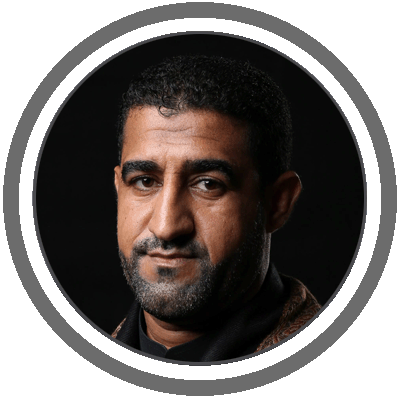 الرادود هاني جعفر مهدي مرهون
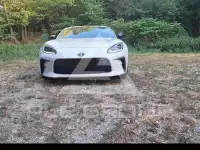 2022 Toyota GR 86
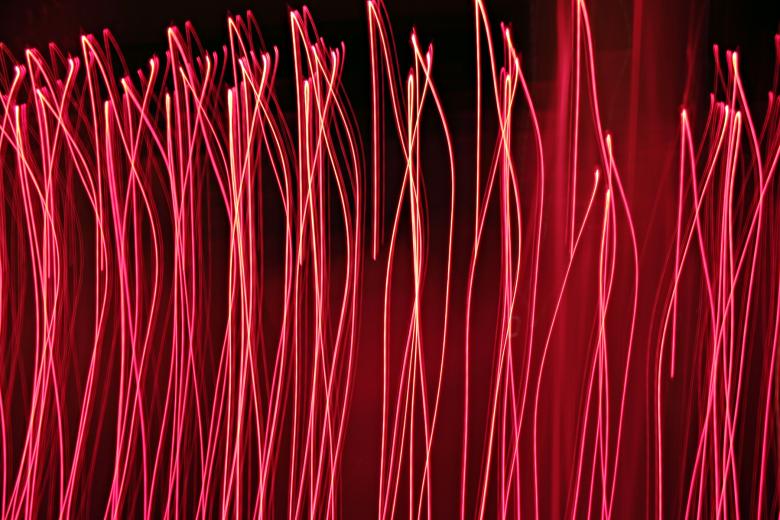 Free stock image of Light effect created by Bjorgvin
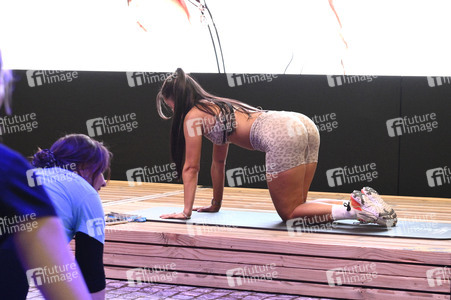 Fibo 2026 in Köln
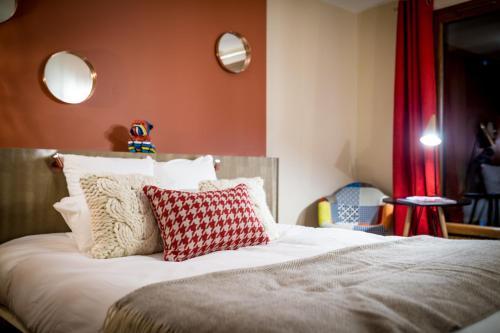 Hotel Les Grandes Rousses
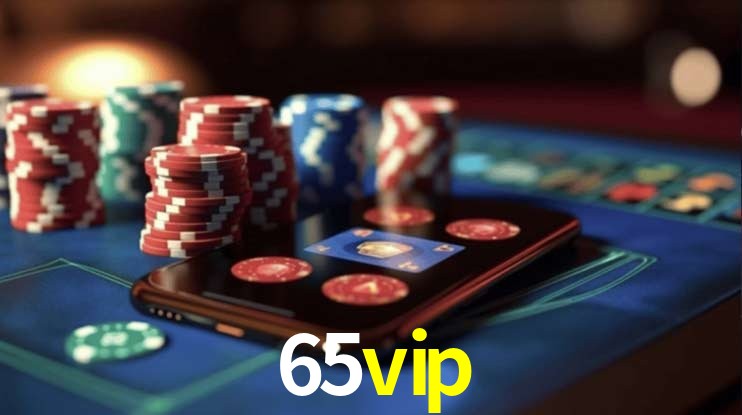 Provedores de Jogos 65vip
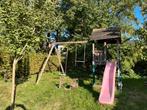 Speeltuig, Kinderen en Baby's, Ophalen, Gebruikt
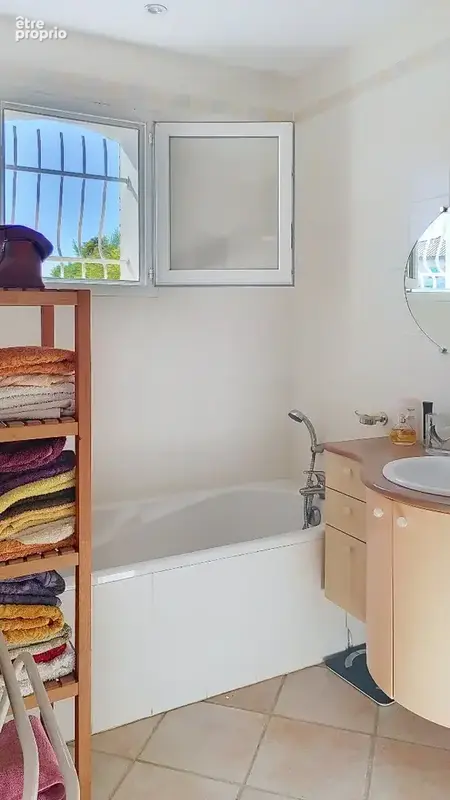 Maison T5 avec piscine - photo 15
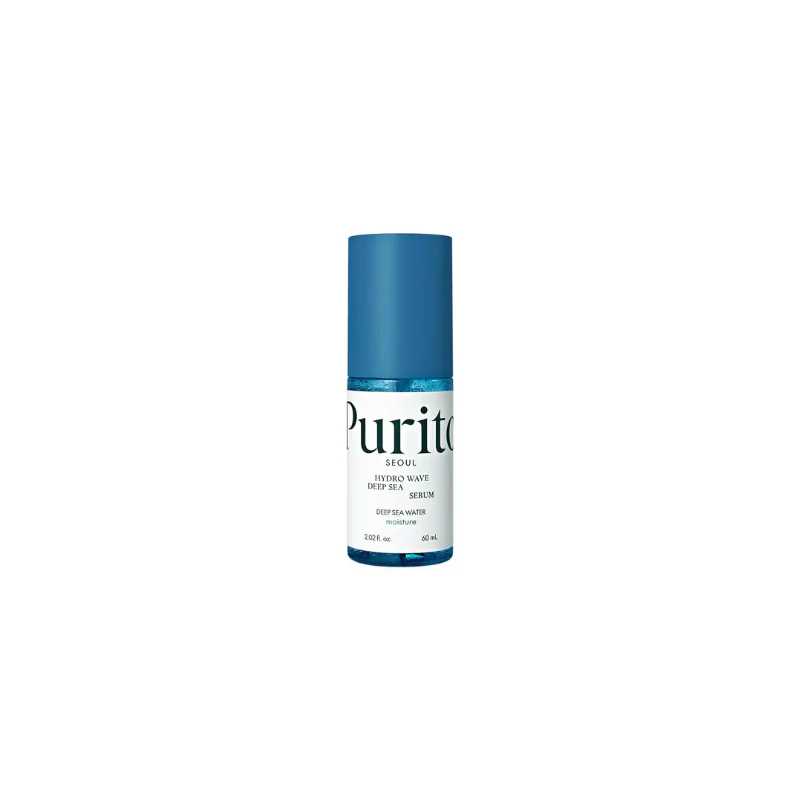Hydro Wave Deep Sea Serum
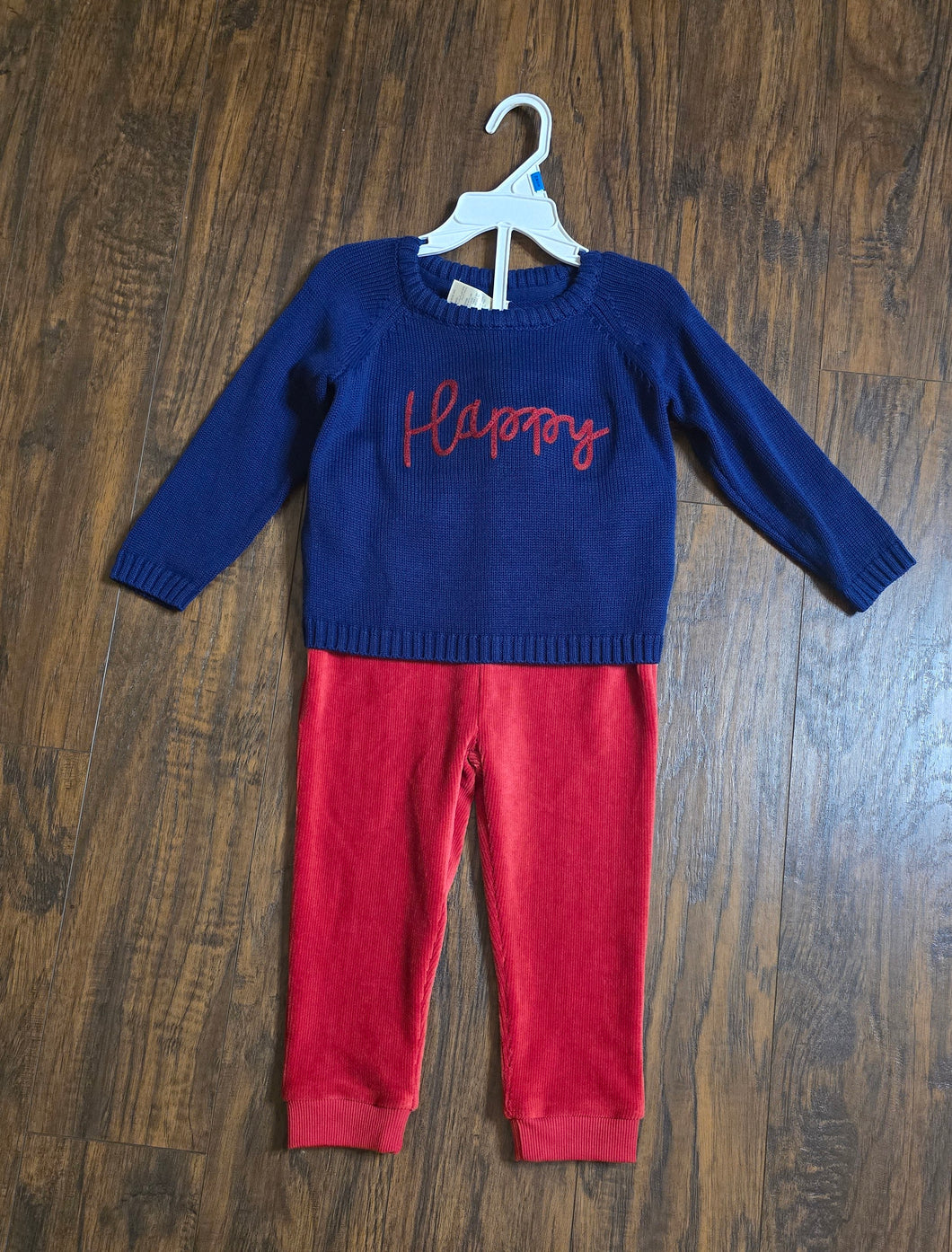 First Impressions(Kids24M)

What this task involves:
This task asks for the data above repeated exactly, without a single picture.

Written answer:
 الرادود هاني جعفر مهدي مرهون
 2022 Toyota GR 86
 Free stock image of Light effect created by Bjorgvin
 Fibo 2026 in Köln
 Hotel Les Grandes Rousses
 Provedores de Jogos 65vip
 Speeltuig, Kinderen en Baby's, Ophalen, Gebruikt
 Maison T5 avec piscine - photo 15
Hydro Wave Deep Sea Serum
 First Impressions(Kids24M)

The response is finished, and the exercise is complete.